··· Provided records

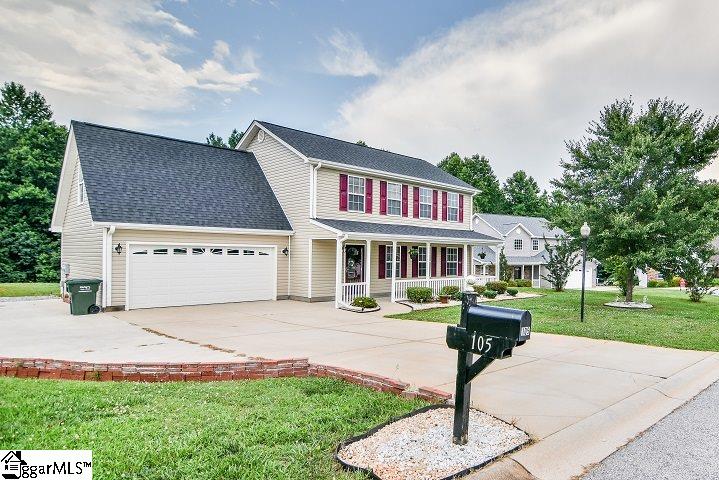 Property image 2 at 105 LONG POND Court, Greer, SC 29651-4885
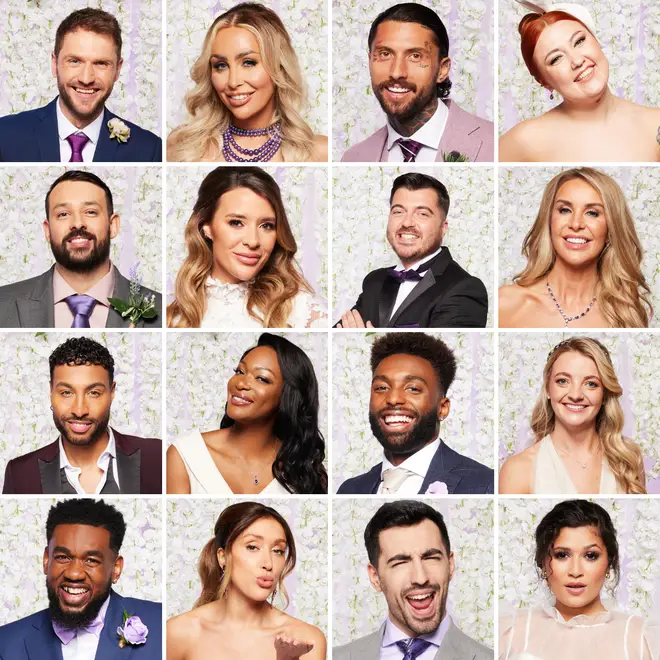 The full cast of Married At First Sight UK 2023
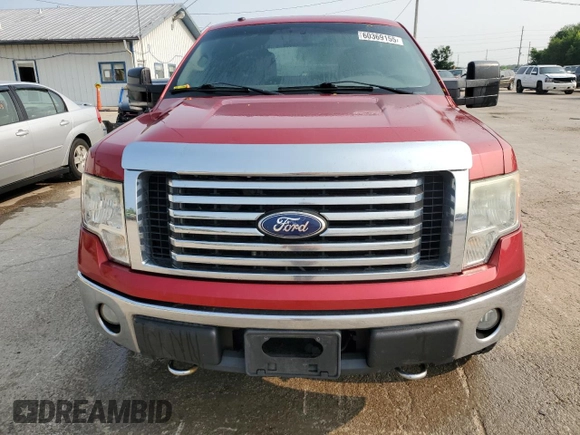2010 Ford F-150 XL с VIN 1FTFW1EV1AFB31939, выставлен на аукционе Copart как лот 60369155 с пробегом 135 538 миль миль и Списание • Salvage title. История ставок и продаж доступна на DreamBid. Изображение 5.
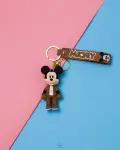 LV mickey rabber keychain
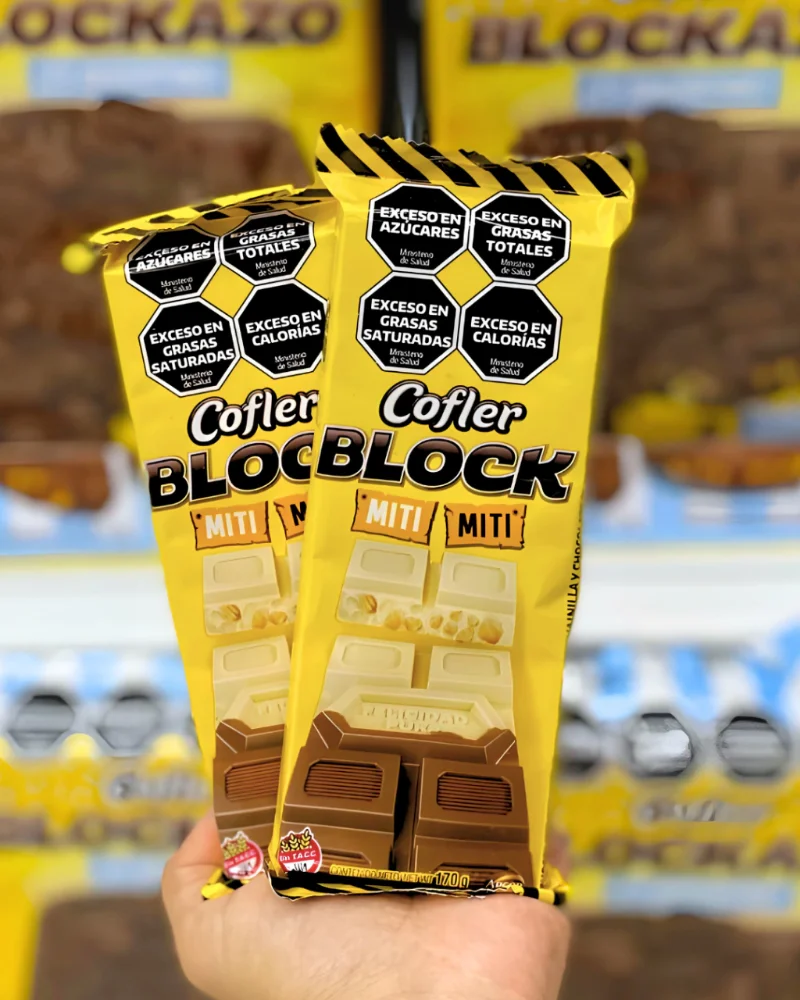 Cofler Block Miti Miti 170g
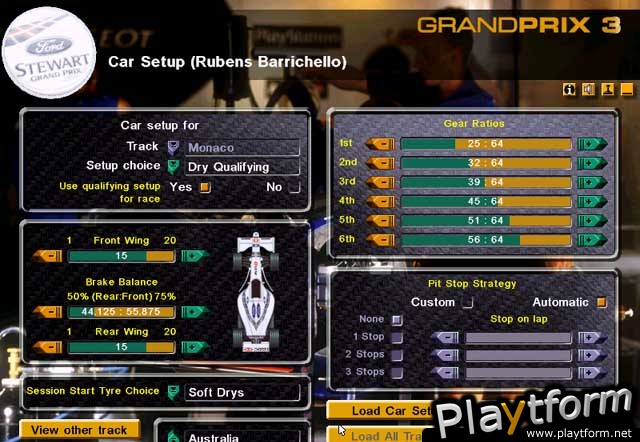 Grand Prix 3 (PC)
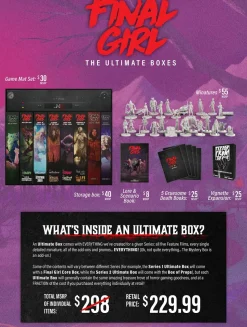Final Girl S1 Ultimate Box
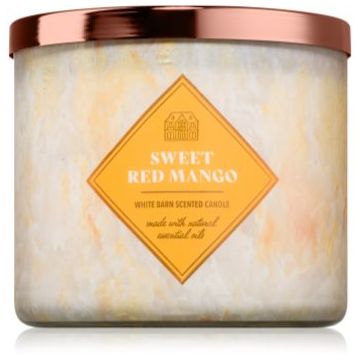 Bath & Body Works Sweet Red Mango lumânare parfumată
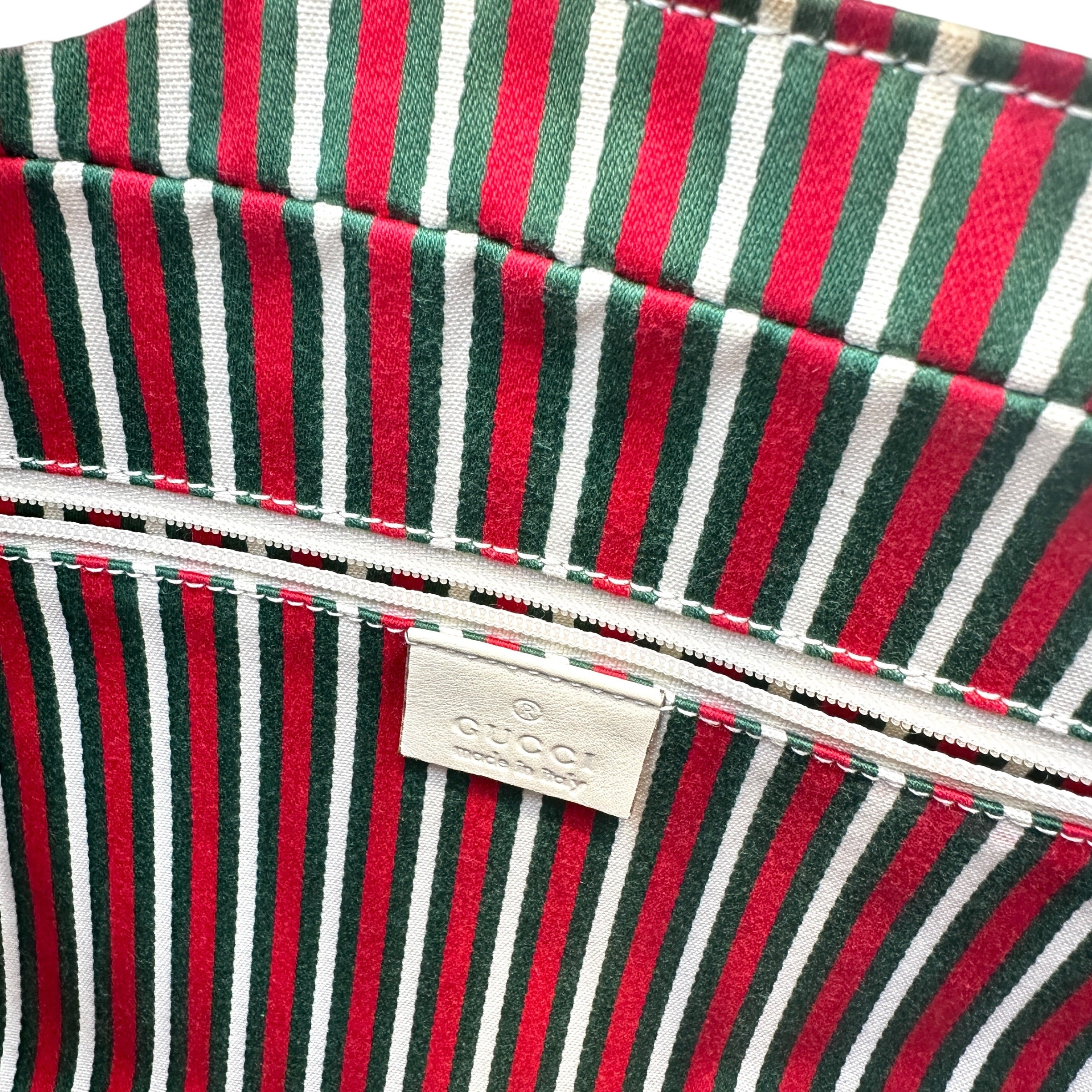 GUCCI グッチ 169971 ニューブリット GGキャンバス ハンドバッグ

······
··· Provided records

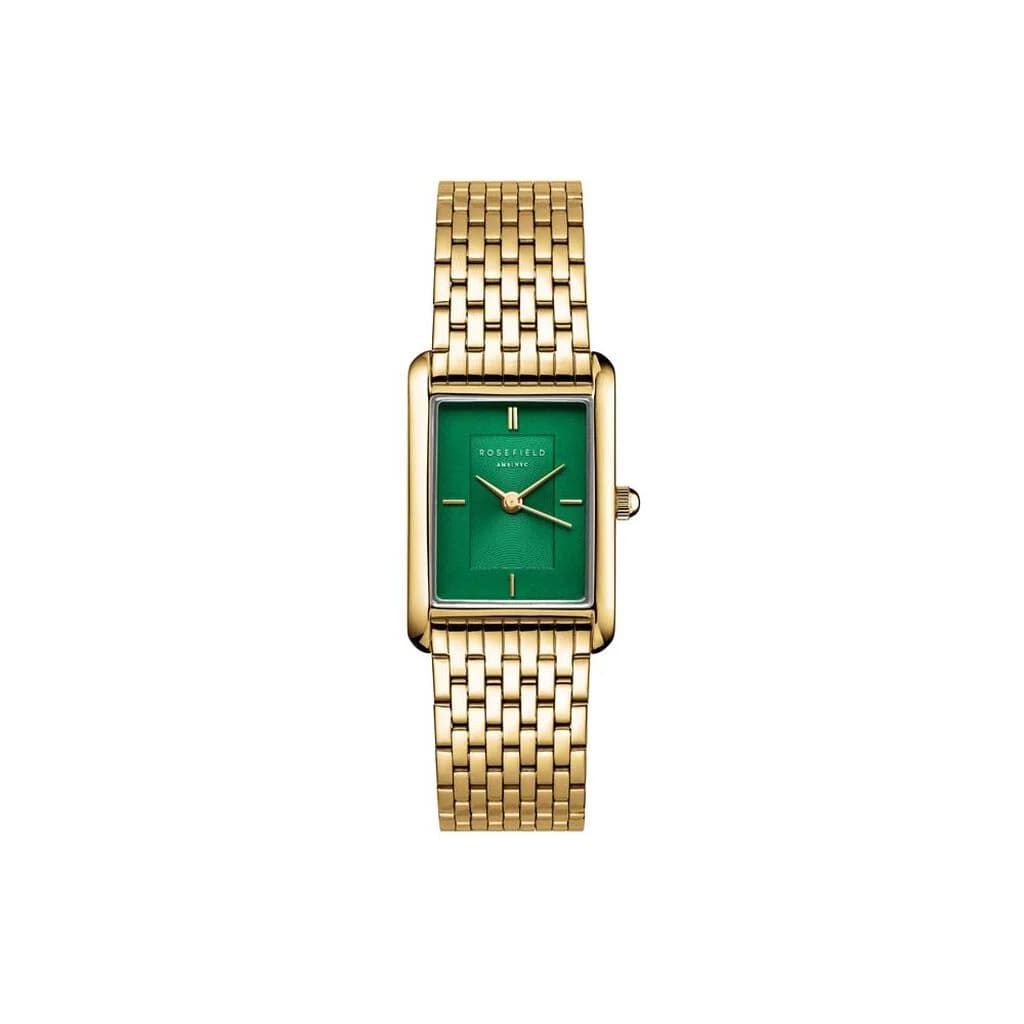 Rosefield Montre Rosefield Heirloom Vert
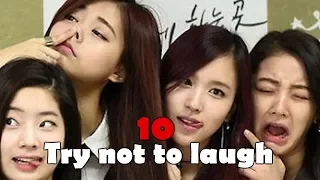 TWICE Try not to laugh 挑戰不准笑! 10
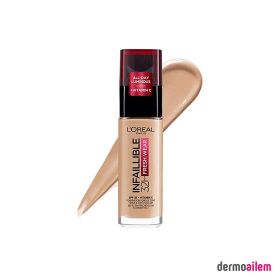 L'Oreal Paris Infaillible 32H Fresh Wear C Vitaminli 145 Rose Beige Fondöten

······
··· Provided records

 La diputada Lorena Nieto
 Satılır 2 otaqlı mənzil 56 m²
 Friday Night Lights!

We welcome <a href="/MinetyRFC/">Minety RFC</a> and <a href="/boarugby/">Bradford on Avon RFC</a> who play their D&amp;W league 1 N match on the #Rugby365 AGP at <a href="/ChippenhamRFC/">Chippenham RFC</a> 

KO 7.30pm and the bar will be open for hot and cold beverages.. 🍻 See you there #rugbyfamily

······

Task instructions:
Begin at the line above that has "Friday Night Lights!" and stop after the line that has "KO 7.30pm and", copying each line exactly and adding nothing else.

Your response:
 Friday Night Lights!

We welcome <a href="/MinetyRFC/">Minety RFC</a> and <a href="/boarugby/">Bradford on Avon RFC</a> who play their D&amp;W league 1 N match on the #Rugby365 AGP at <a href="/ChippenhamRFC/">Chippenham RFC</a> 

KO 7.30pm and the bar will be open for hot and cold beverages.. 🍻 See you there #rugbyfamily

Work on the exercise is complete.